Im 1. Halbjahr 2017 hatten wir in Wien 2.376 Gesamtinsolvenzen. Erfreulich dabei ist, wie ich vorhin schon erwähnt habe, dass dies gegenüber dem Vorjahr ein leichter Rückgang ist. Das bedeutet aber leider noch immer, dass es in Wien 8 Insolvenzen pro Tag gibt. Bei den Unternehmensinsolvenzen war leider kein Rückgang zu verzeichnen. Die Unternehmensinsolvenzen sind leider sogar leicht angestiegen, und zwar von 892 auf 933 im 1. Halbjahr 2017. Dies bedeutet einen Anstieg um 4,6 Prozent. Österreichweit gab es 2.782 Unternehmensinsolvenzen. Der Anteil Wiens mit 933 Insolvenzen beträgt 33,5 Prozent von Gesamtösterreich. In Wien sind die Unternehmensinsolvenzen gestiegen. Dies entspricht aber nicht dem Bundestrend.
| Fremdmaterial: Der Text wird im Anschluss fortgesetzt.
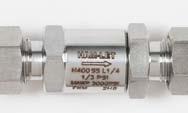 86R130-101-N270X MOA-P101-AA MOA-P101-CD Description Gast Compressor - 110/120 VAC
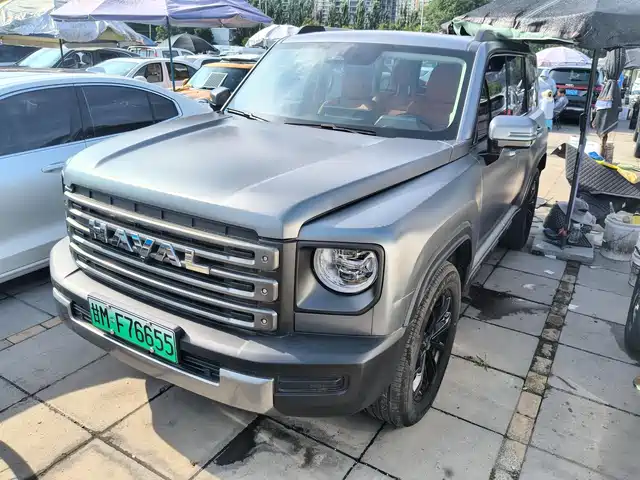 2025 Haval Raptor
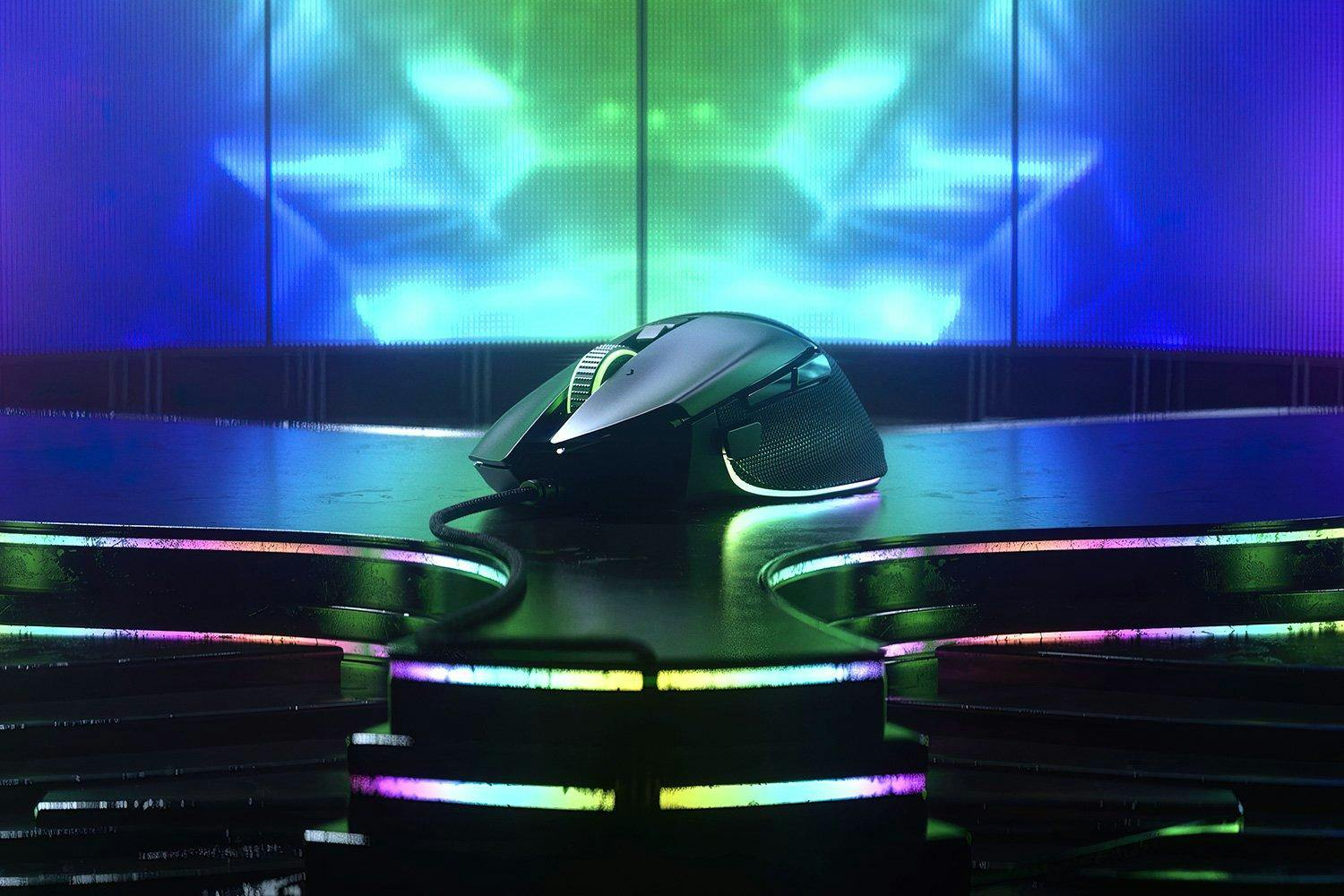 Razer Basilisk Wired Gaming Mouse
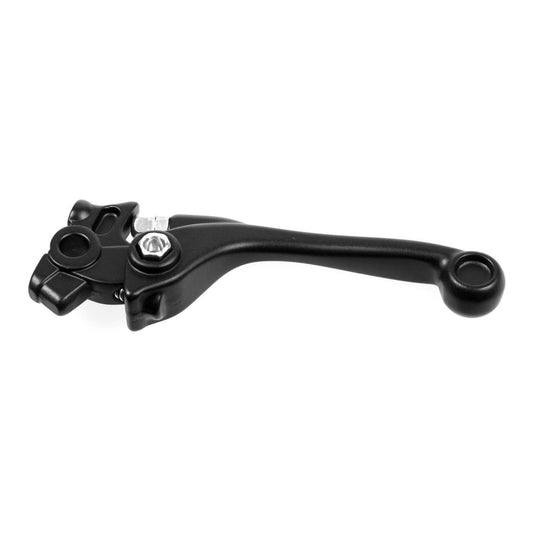 Whites Brake Lever - Forged Black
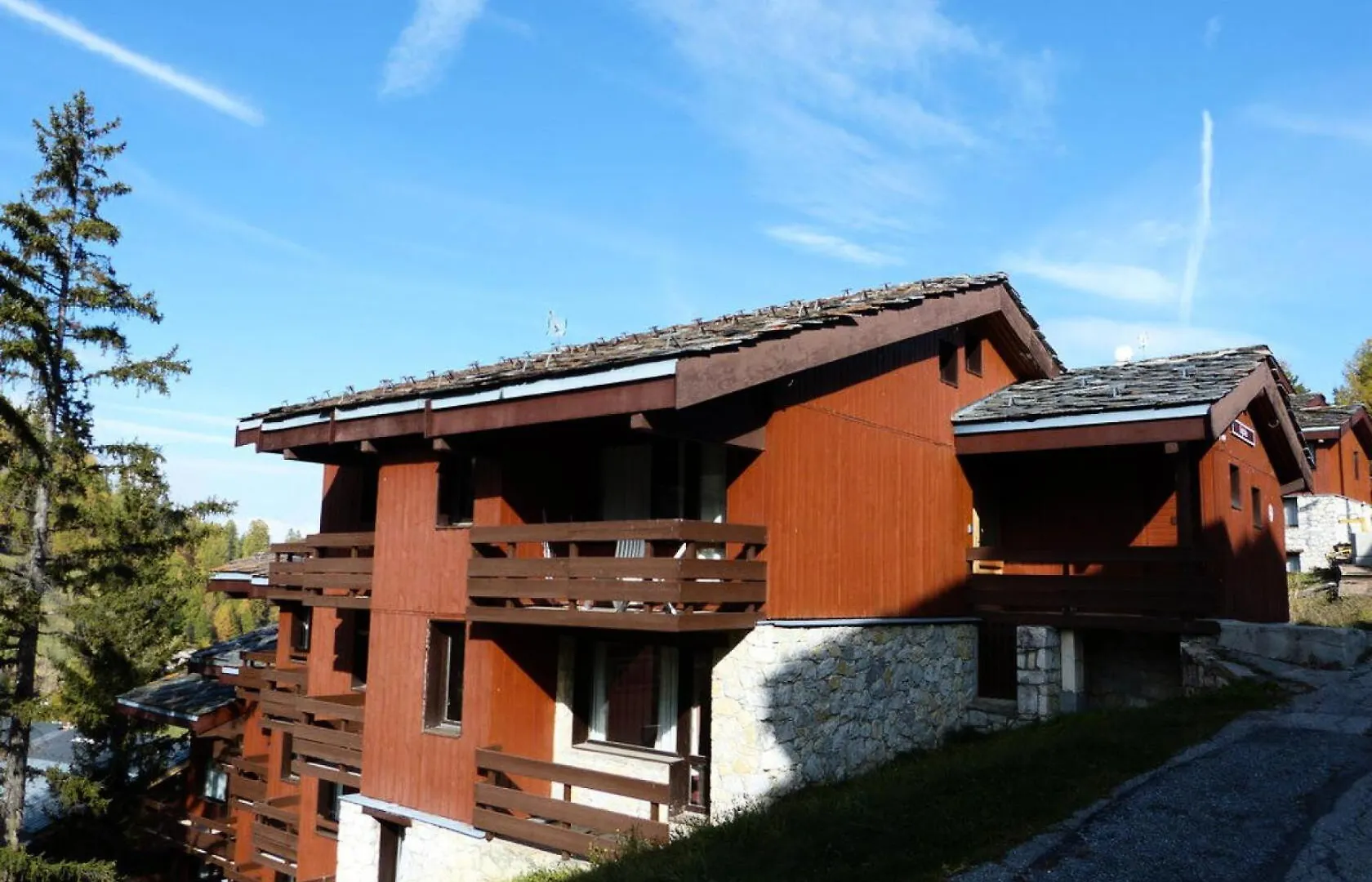 Apartment Residence Digitale - Studio Divisible - 4 Personnes Mae-1111 La Plagne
In Tirol, Vorarlberg, der Steiermark und im Burgenland waren die Unternehmensinsolvenzen sogar rückläufig, in der Steiermark zum Beispiel um 15 Prozent, im Burgenland sogar um 18 Prozent. Legt man diese 933 Insolvenzen auf Arbeitstage um, kommt man ziemlich genau auf 4 Insolvenzen pro Arbeitstag. Das bedeutet, dass in diesen 2 Budgettagen, die wir hier debattieren, in Wien 8 Unternehmen pleitegehen, und das ist doch entsetzlich, sehr geehrte Frau Stadtrat! Wir benötigen, wie von unserem Stadtrat DDr. Schock schon angeregt, eine neue Wirtschaftspolitik für die Wiener Wirtschaft. Er hat hier Vorschläge gemacht:
1. Ein Haftungspaket der Wirtschaftsagentur Wien für Klein- und Mittelbetriebe. In Abstimmung mit dem Austria Wirtschaftsservice soll auch ein Garantieprogramm für Betriebsmittelkredite aufgelegt werden.
2. Schaffung eines Mittelstandfonds in der Wirtschaftsagentur, um Eigenkapital für Wiener Klein- und Mittelbetriebe zur Verfügung zu stellen.
3. Neue Wiener Start-up-Förderung und Errichtung eines großen Gründercampus in Wien.
4. Verdoppelung der Wiener Wirtschaftsförderung im Jahr 2018. Die Förderungsmittel für KMUs sind im Budget 2018 auf 80 Millionen EUR zu verdoppeln. Eine neue Industriepolitik, Standortmarketing und Betriebsflächenmanagement für mehr Betriebsansiedelungen im Rahmen der Wiener Industrieoffensive.
Aber was geschieht in Wien tatsächlich? Die Wirtschaftsförderung wird gekürzt, und den Unternehmen entstehen zusätzliche Kosten. Wie auch in den Vorjahren wurde die Wirtschaftsförderung gekürzt. Waren es im Jahr 2010 noch 117 Millionen EUR, so waren es 2016 nur noch 80 Millionen, 2017 nur noch 71 Millionen, und für 2018 wurden nur noch 66 Millionen EUR budgetiert.